**MATERIAL TO PROCESS**:
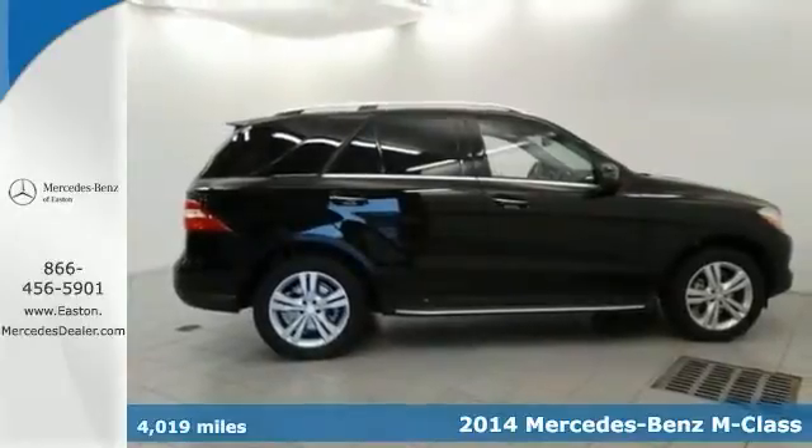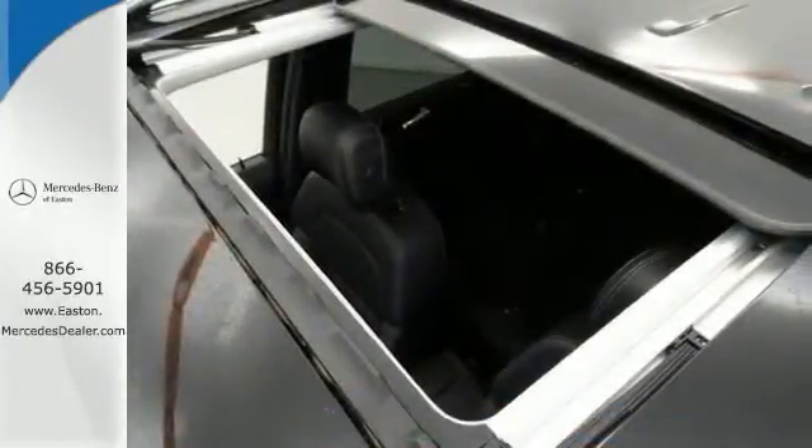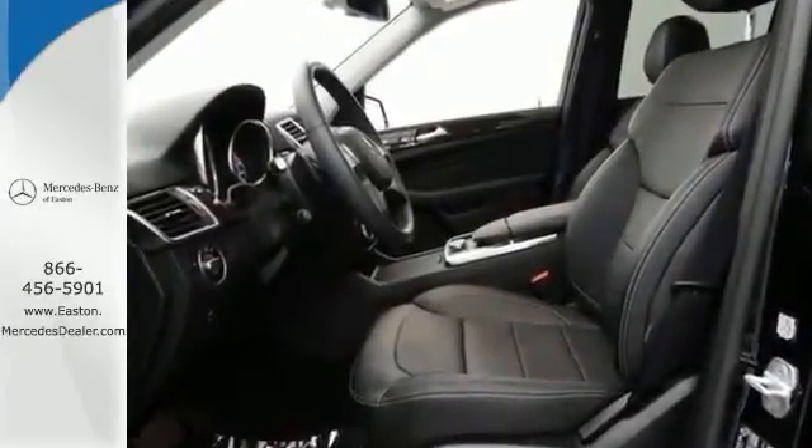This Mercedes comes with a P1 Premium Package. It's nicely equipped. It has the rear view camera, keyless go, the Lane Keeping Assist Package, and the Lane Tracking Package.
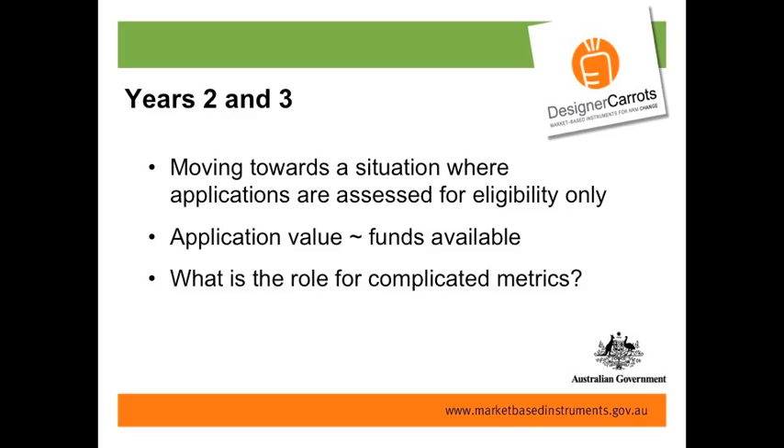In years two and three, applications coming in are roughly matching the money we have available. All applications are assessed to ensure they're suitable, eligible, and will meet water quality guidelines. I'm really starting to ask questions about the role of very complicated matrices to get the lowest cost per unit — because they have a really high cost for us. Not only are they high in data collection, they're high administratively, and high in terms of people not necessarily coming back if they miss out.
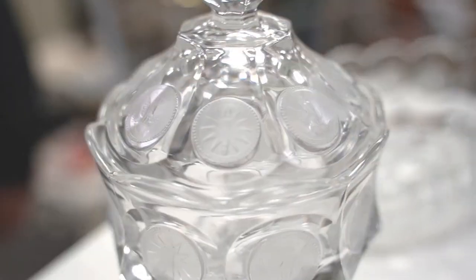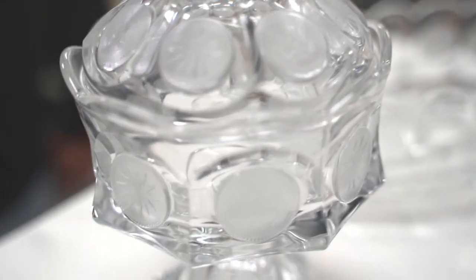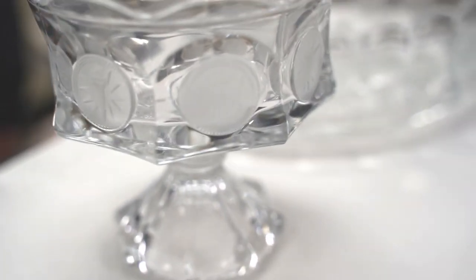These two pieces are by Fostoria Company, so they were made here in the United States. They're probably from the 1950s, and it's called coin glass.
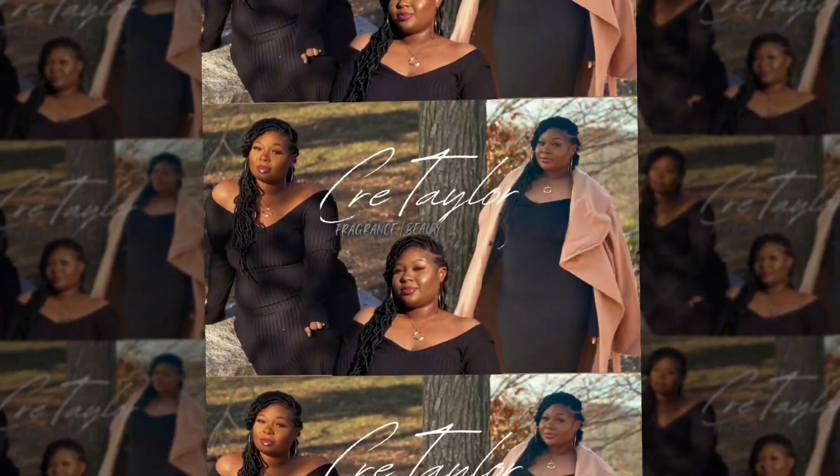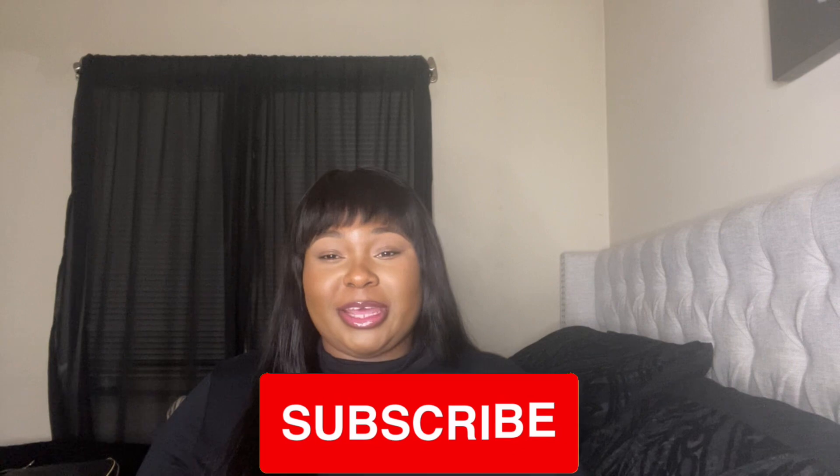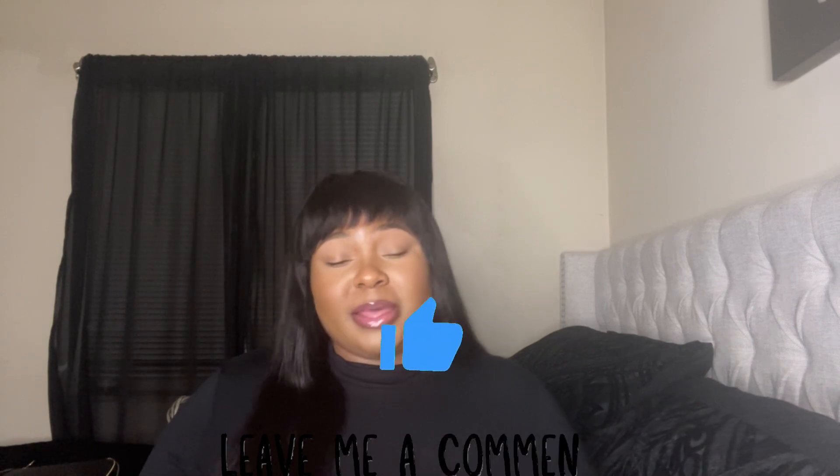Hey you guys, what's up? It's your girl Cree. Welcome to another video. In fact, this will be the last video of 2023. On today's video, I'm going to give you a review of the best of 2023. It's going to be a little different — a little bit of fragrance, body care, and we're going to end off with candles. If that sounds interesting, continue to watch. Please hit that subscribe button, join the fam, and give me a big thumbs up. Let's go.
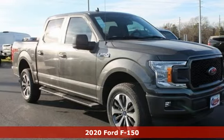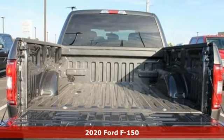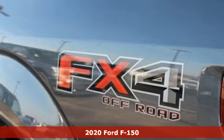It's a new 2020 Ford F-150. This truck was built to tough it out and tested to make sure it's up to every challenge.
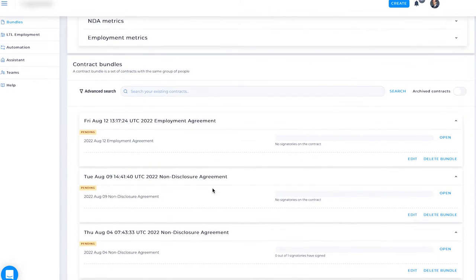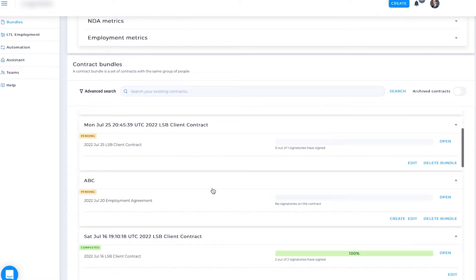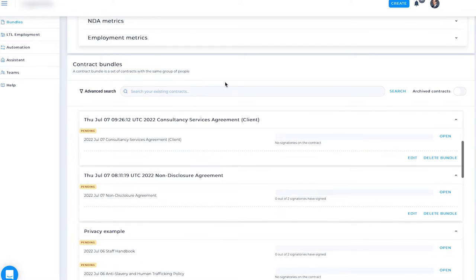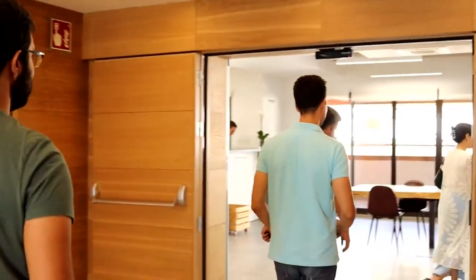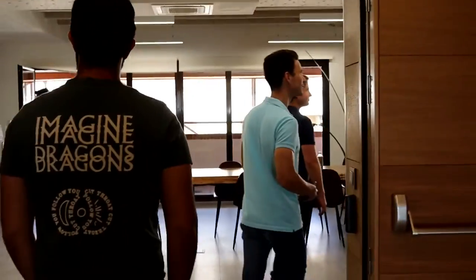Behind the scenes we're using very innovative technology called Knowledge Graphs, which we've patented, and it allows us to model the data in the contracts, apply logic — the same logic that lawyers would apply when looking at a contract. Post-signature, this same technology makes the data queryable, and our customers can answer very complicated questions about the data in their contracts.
...
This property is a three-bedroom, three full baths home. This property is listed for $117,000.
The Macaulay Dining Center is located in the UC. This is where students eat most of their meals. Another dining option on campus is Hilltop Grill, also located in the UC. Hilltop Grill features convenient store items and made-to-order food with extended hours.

**TASK GOAL**:
Exactly reproduce the lines above, starting at the one that contains "This Mercedes comes" and ending at the one that contains "It's a new 2020", both inclusive; leave the pictures out and add no other lines.

**REPLY TO THE EXERCISE**:
This Mercedes comes with a P1 Premium Package. It's nicely equipped. It has the rear view camera, keyless go, the Lane Keeping Assist Package, and the Lane Tracking Package.
In years two and three, applications coming in are roughly matching the money we have available. All applications are assessed to ensure they're suitable, eligible, and will meet water quality guidelines. I'm really starting to ask questions about the role of very complicated matrices to get the lowest cost per unit — because they have a really high cost for us. Not only are they high in data collection, they're high administratively, and high in terms of people not necessarily coming back if they miss out.
These two pieces are by Fostoria Company, so they were made here in the United States. They're probably from the 1950s, and it's called coin glass.
Hey you guys, what's up? It's your girl Cree. Welcome to another video. In fact, this will be the last video of 2023. On today's video, I'm going to give you a review of the best of 2023. It's going to be a little different — a little bit of fragrance, body care, and we're going to end off with candles. If that sounds interesting, continue to watch. Please hit that subscribe button, join the fam, and give me a big thumbs up. Let's go.
It's a new 2020 Ford F-150. This truck was built to tough it out and tested to make sure it's up to every challenge.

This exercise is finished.